Eugene Balbinski (eugene.balbinski@ecltechnology.com) of ECL Technology Ltd (http://www.ecltechnology.com) summarises the findings of work undertaken for the DTI’s Oil and Gas Directorate under the SHARP programme investigating the potential for CO2 injection in UKCS reservoirs.

The physical properties of CO2 make it a potentially significant IOR (Incremental Oil Recovery) injection gas, with application in situations that would not benefit from hydrocarbon gas injection. The history of successful CO2 injection projects in the US Permian Basin bears testimony to this view. CO2 injection could increase UKCS reserves substantially and dispose of a significant fraction of the CO2 emitted by the UK power generation/industry.

Tertiary CO2 injection in onshore North American fields is a successful IOR technique that regularly achieves incremental oil recoveries in the range 4-12% STOIIP (Stock Tank Oil Initially In Place). Retained gas volumes are typically 10-25% HCPV (Hydrocarbon Pore Volume) for tertiary CO2 WAG (Water Alternating Gas) floods. The incremental oil production, expressed in reservoir barrels, is generally between 50 and 100% of the volume retained in the reservoir.

Although UKCS fields are at higher pressures than onshore CO2 projects, the higher temperatures compensate to give similar CO2 densities at reservoir conditions in both UKCS and Permian Basin floods.
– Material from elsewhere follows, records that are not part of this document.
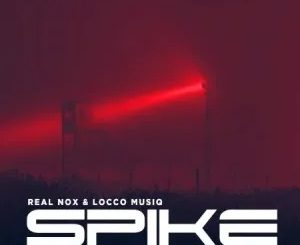 Real Nox – Spike Ft Two Tones Djys & Locco Musiq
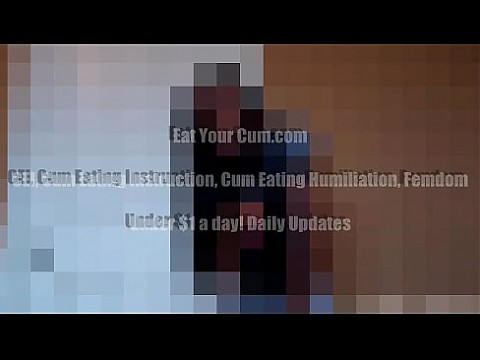 If you dont swallow every last drop of cum you will be punished CEI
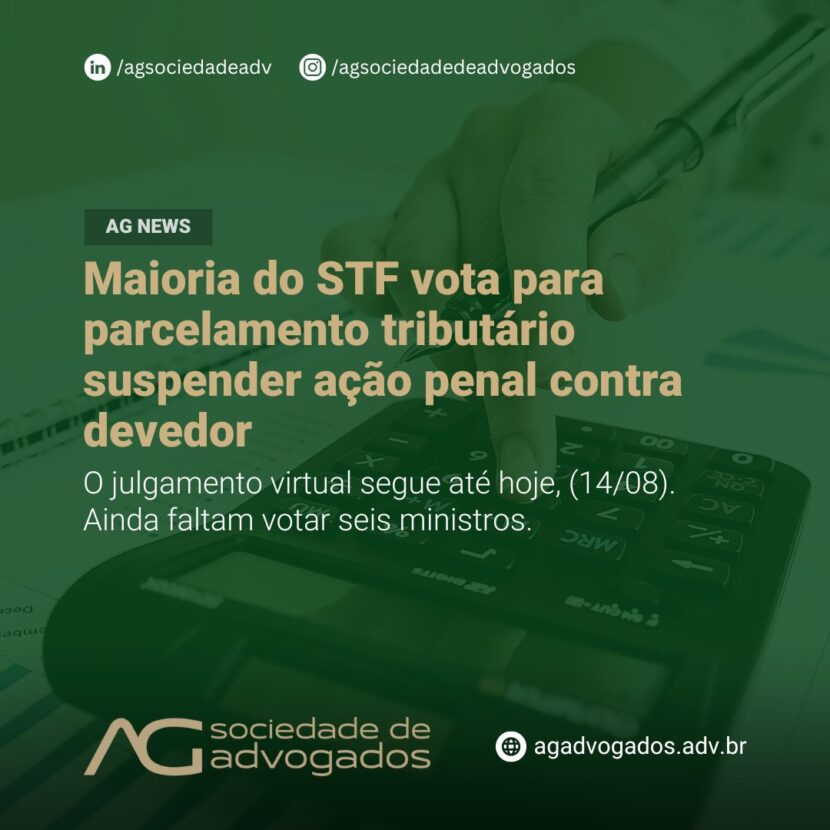 Imagem de Maioria do STF vota para parcelamento tributário suspender ação penal contra devedor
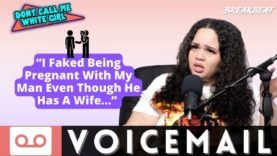 “I Faked Being Pregnant With My Man Even Though He Has A Wife…” – DCMWG Voicemail
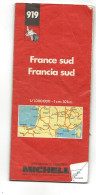 CARTE ROUTIERE MICHELIN REF 919 FRANCE SUD - Roadmaps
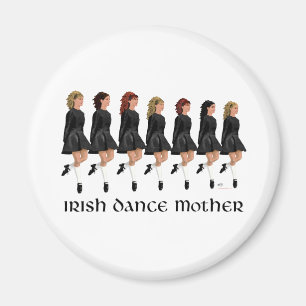 Irish Step Dance Mother - Line of Dancers Magnet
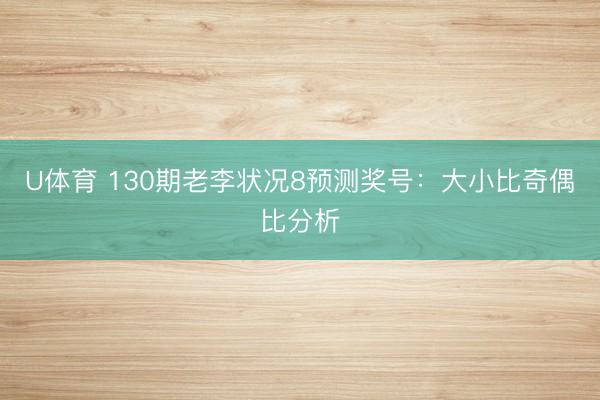 U体育 130期老李状况8预测奖号：大小比奇偶比分析
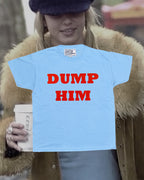 DUMP HIM babytee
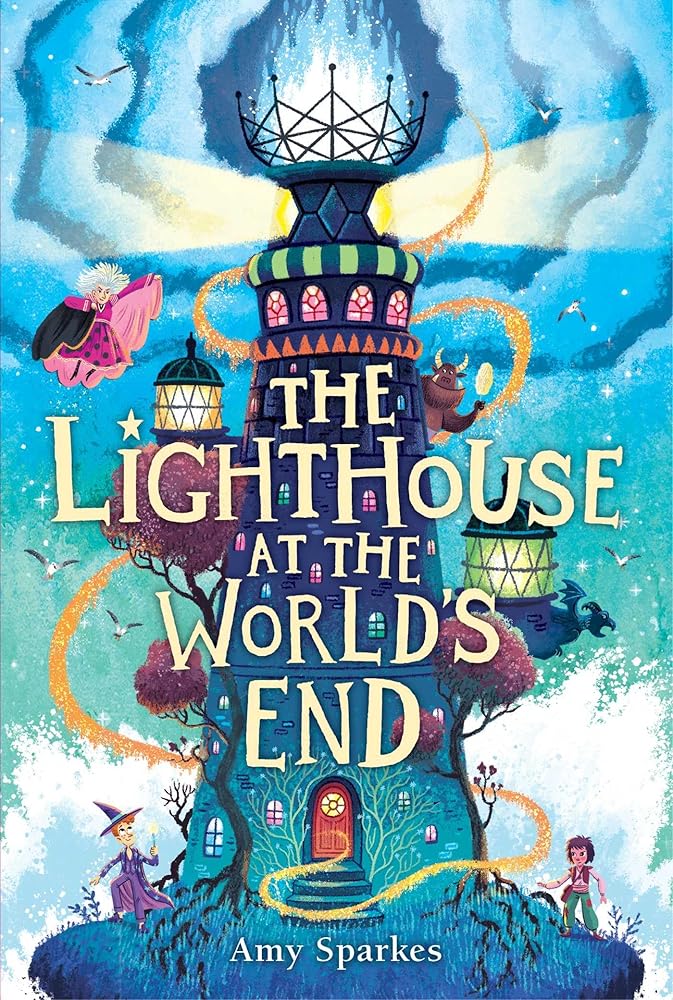 The Lighthouse at the World's End (The House at the Edge of Magic) cover image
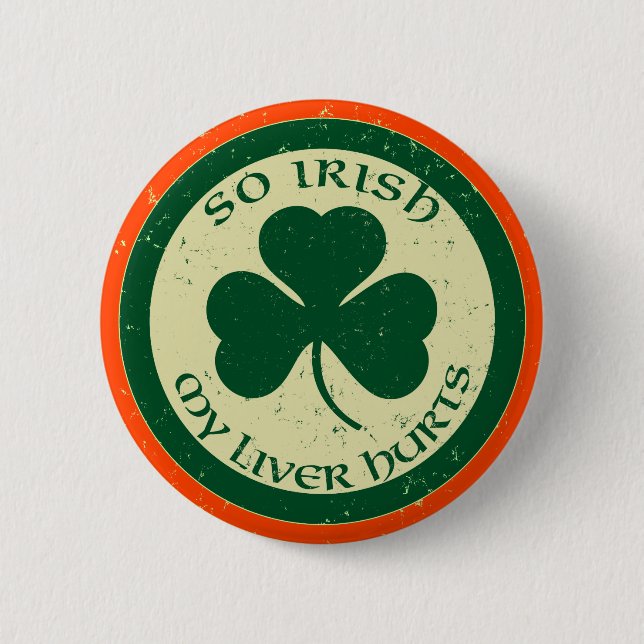 So Irish My Liver Hurts Button (Front)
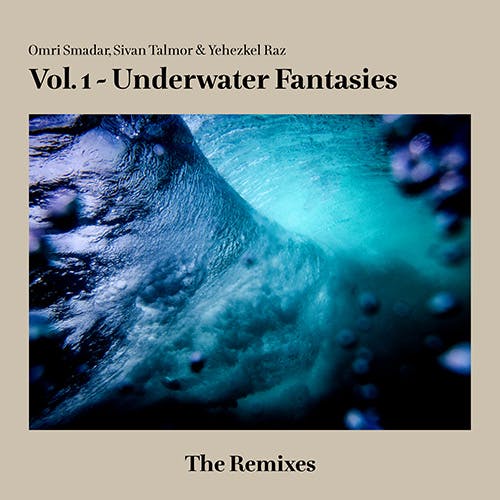 Vol. 1 - Underwater Fantasies - The Remixes album cover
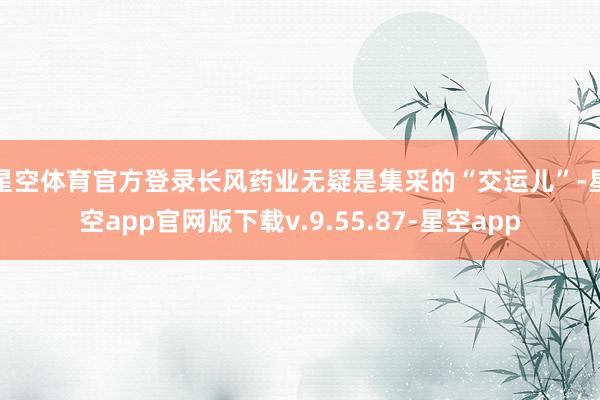 星空体育官方登录　　长风药业无疑是集采的“交运儿”-星空app官网版下载v.9.55.87-星空app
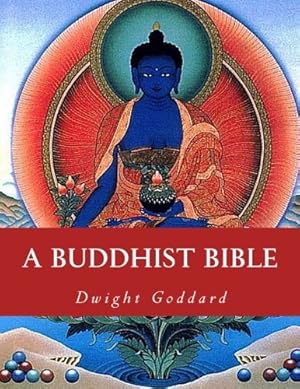 Imagen del vendedor de A Buddhist Bible a la venta por Pieuler Store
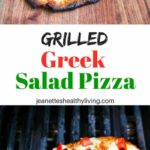 Grilled Greek Salad Pizza - all the flavors of Greek salad on a pizza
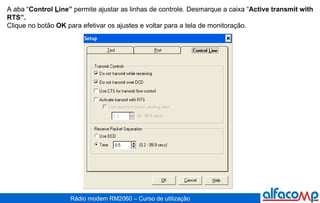 A aba “ Control  L ine”  permite ajustar as linhas de controle. Desmarque a caixa “ Active transmit with RTS”.  Clique no botão  OK  para efetivar os ajustes e voltar para a tela de monitoração. 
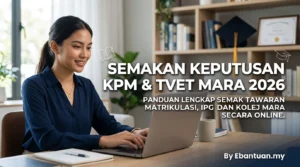 Semakan Keputusan KPM & TVET MARA 2026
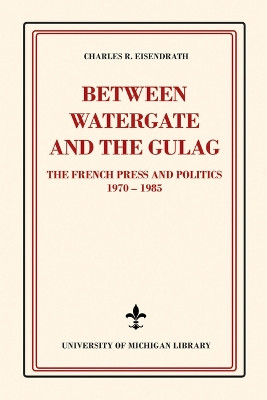 Between Watergate and the Gulag: The French Press and Politics, 1970-1985 by Charles R Eisendrath 9781607857495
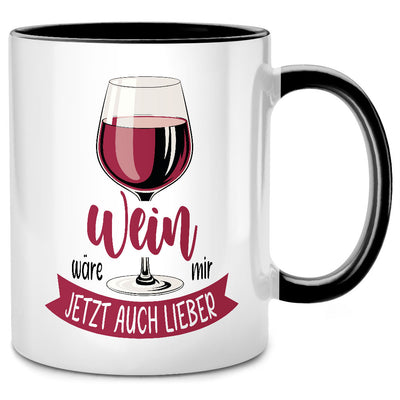 Wein wäre mir jetzt auch lieber - lustige Rotwein Tasse mit Spruch als Wein Geschenk für die beste Freundin oder Abschiedsgeschenk für Kollegin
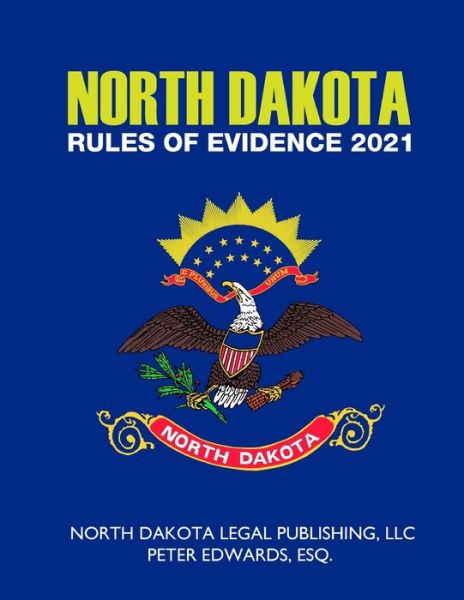 Cover for Peter Edwards Esq · North Dakota Rules of Evidence 2021 (Paperback Book) (2021)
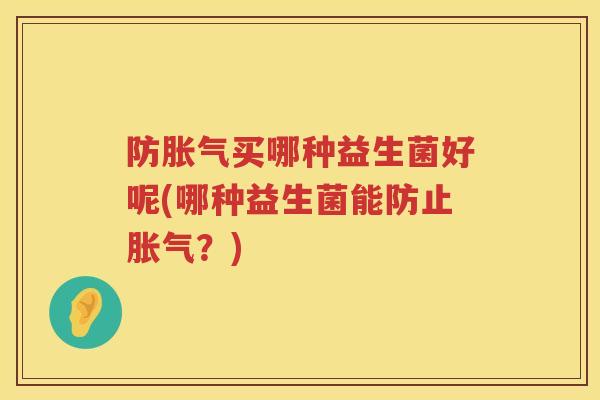 防买哪种益生菌好呢(哪种益生菌能防止?) 防买哪种益生菌好呢(哪种益生菌能防止?)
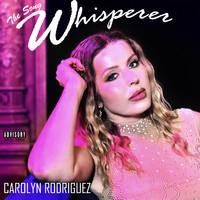 Carolyn Rodriguez - The Song Whisperer (Explicit)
Consequently, similar quantities of CO2 would be required to sweep a given reservoir volume in both cases.

Benefits
The overall benefits from CO2 injection if it were implemented on a large scale in the North Sea are wide ranging, Figure 1. At the individual field level, the direct economic benefits include the incremental oil produced from CO2 injection and the additional waterflood reserves resulting from any field life extension and consequent satellite tie-ins. At the national level, there are benefits to government from increased economic activity, reduction in CO2 emissions and strategic positioning for exporting technology and expertise.


Figure 1: Direct and associated benefits from CO2 injection (Click image for larger view)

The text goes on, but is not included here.